__PROMPT__:
The full set of entries is to be printed exactly, with pictures excluded.
(Beginning of INPUT FOR THIS TASK)
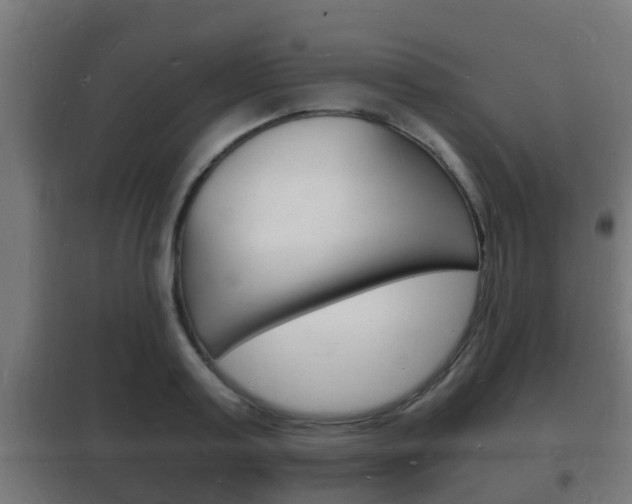 X0000102220795200807250745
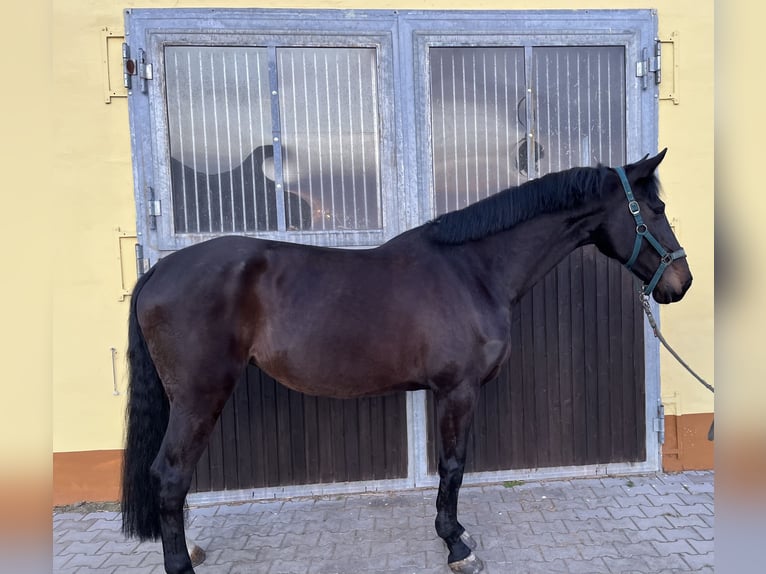 Koń holsztyński Klacz 10 lat 170 cm Ciemnogniada in W&#xF6;rmlitz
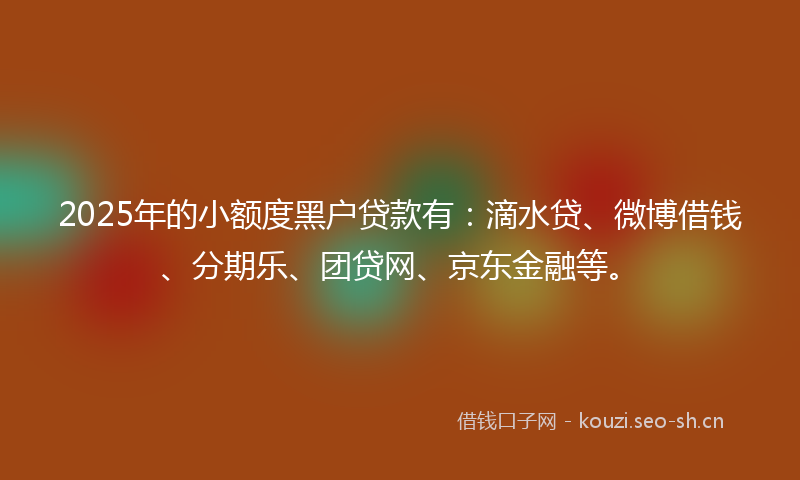 2025年的小额度黑户贷款有：滴水贷、微博借钱、分期乐、团贷网、京东金融等。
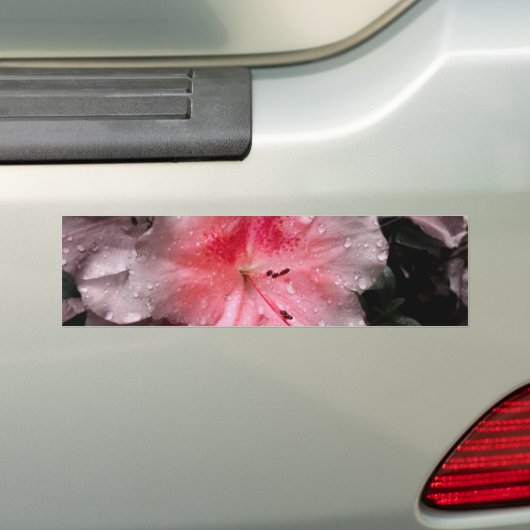 Inner Glow Bumpersticker (Op auto)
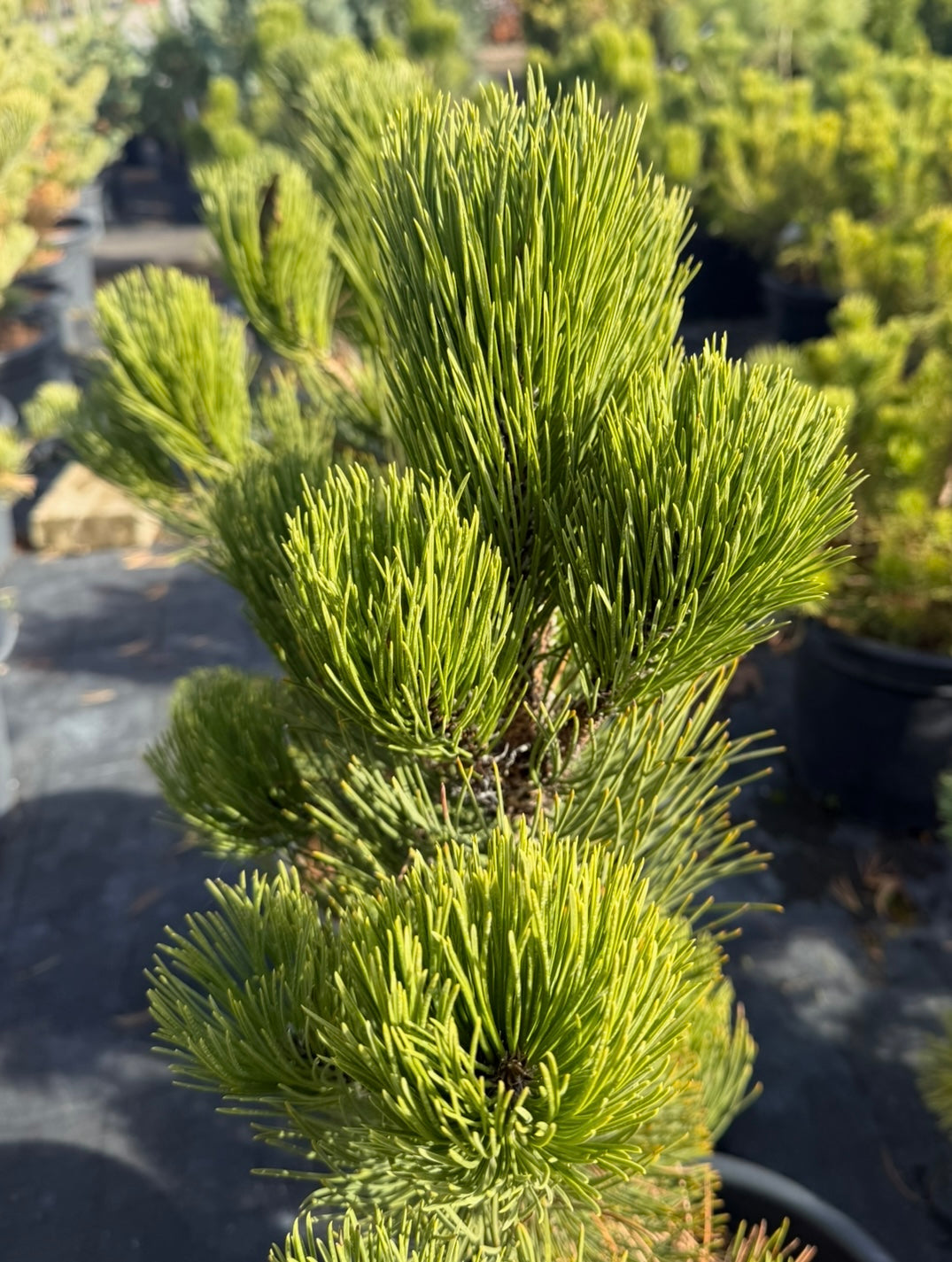 Sosna bośniacka Pinus heldreichii 'Satellit'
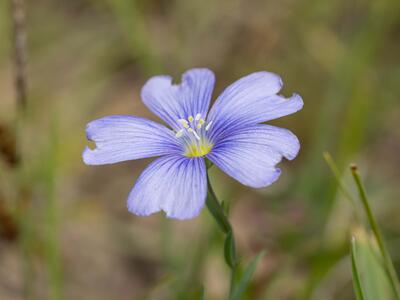 linum leonii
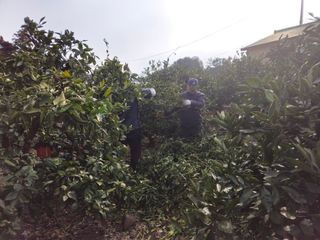 새달귤농장님의 귤 · 영농일지 작성글 사진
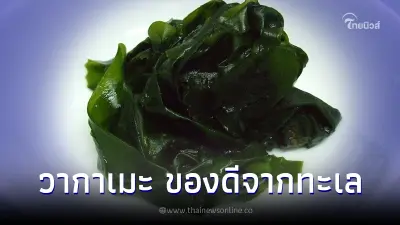 สุโก้ย "สาหร่ายวากาเมะ" สีเขียวๆเคี้ยวกรุบ กินแล้วดียังไง สุโก้ย "สาหร่ายวากาเมะ" สีเขียวๆเคี้ยวกรุบ กินแล้วดียังไง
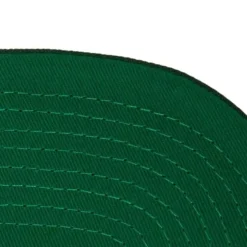 Paintbrush Snapback Green Bay Packers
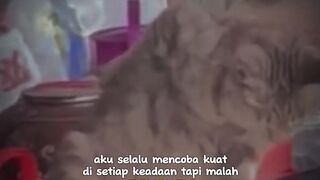 Kucing sakit pingang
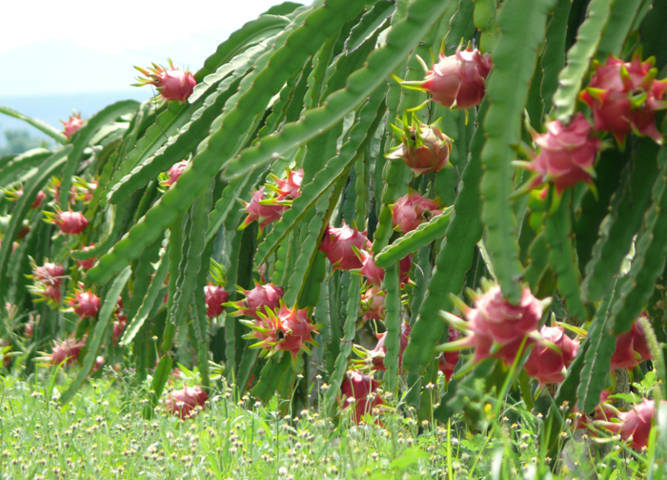 Vườn Thanh long tại Phan Thiết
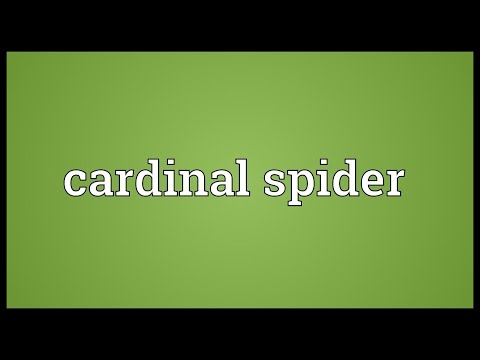 Cardinal spider Meaning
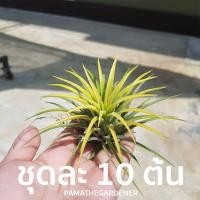 ราคา Pamathegardener ทิลแลนเซีย ชุด 10 ต้น ดอกขาว 10 ต้น/ชุด ทิลแลนเซีย (10547872)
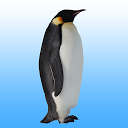 Descargar Flying penguin Instalar Más reciente APK descargador
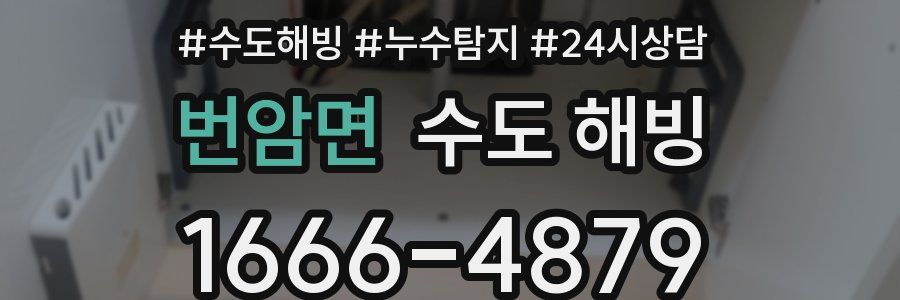 번암면 수도 해빙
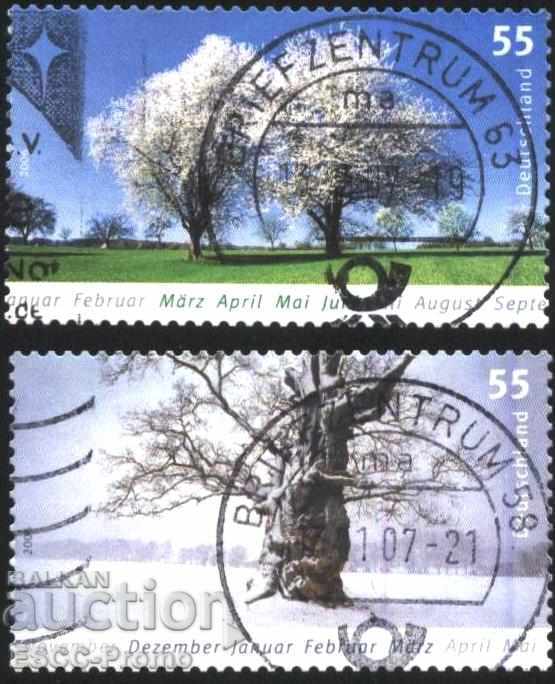 Branded Trees Trees Seasons Winter Spring 2006 from Germany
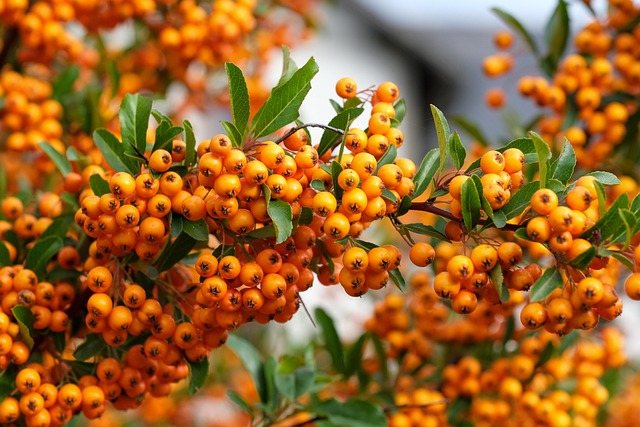 tree, shrub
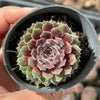 Sempervivum 'Pink Puff' (w/pup)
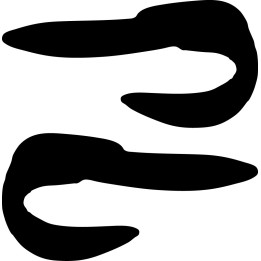 Buy Eal Decal Sticker Online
(End of INPUT FOR THIS TASK)
__REPLY__:
 X0000102220795200807250745
 Koń holsztyński Klacz 10 lat 170 cm Ciemnogniada in W&#xF6;rmlitz
 2025年的小额度黑户贷款有：滴水贷、微博借钱、分期乐、团贷网、京东金融等。
 Inner Glow Bumpersticker (Op auto)
 Sosna bośniacka Pinus heldreichii 'Satellit'
 linum leonii
 새달귤농장님의 귤 · 영농일지 작성글 사진
 สุโก้ย "สาหร่ายวากาเมะ" สีเขียวๆเคี้ยวกรุบ กินแล้วดียังไง สุโก้ย "สาหร่ายวากาเมะ" สีเขียวๆเคี้ยวกรุบ กินแล้วดียังไง
 Paintbrush Snapback Green Bay Packers
 Kucing sakit pingang
 Vườn Thanh long tại Phan Thiết
 Cardinal spider Meaning
 ราคา Pamathegardener ทิลแลนเซีย ชุด 10 ต้น ดอกขาว 10 ต้น/ชุด ทิลแลนเซีย (10547872)
 Descargar Flying penguin Instalar Más reciente APK descargador
 번암면 수도 해빙
 Branded Trees Trees Seasons Winter Spring 2006 from Germany
 tree, shrub
 Sempervivum 'Pink Puff' (w/pup)
 Buy Eal Decal Sticker Online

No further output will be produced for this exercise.